Sometimes called a Cantor function, Devil's staircase is a fractal -or an irregular curve for which any suitably chosen part when magnified or reduced is similar in shape- demonstrated by a nonlinear dynamic system.

Examples of this pattern can be found in sedimentation sequences, changes in uplift and rates of erosion and reversals in the magnetic field of the Earth.

Chen's Ph. D. advisor Mian Liu had first encountered the Devil's Staircase in an unusual way. He recalled stumbling upon it while reading about two UCLA researchers' study of Andrei Chikatilo, a temporal notorious serial-killer who killed at least 52 people from 1979 to 1990 in the former Soviet Union.

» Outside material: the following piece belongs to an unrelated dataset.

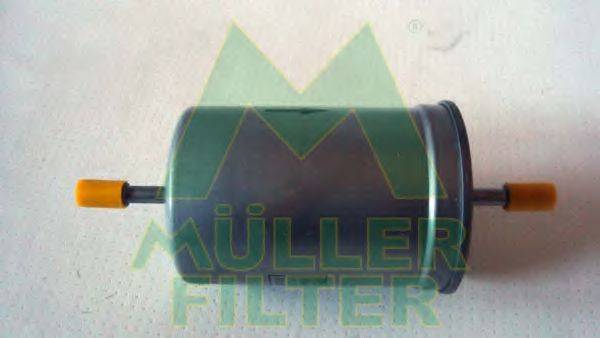 MULLER FILTER FB159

The UCLA researchers are trying to understand how criminal minds work, how many neurons stimulate each other inside the brain at the time and realized that the pattern of Chikatilo's killings is a Devil's staircase. Liu became intrigued because he realized that earthquakes work similarly, that fault rupture could activate activity on other faults by stress transfer.

Moreover, he added that many large earthquakes that involve the rupture of multiple and variable fault segments in each rupture do not follow the basic assumption of repeated accumulation and release of energy on a given fault plane called the periodic earthquakes model.

Gang Luo of Wuhan University said that the factors that control the clustered events are complex. It involves stress that activates an earthquake, changes in frictional properties and stress transfer between faults or fault segments during a rupture.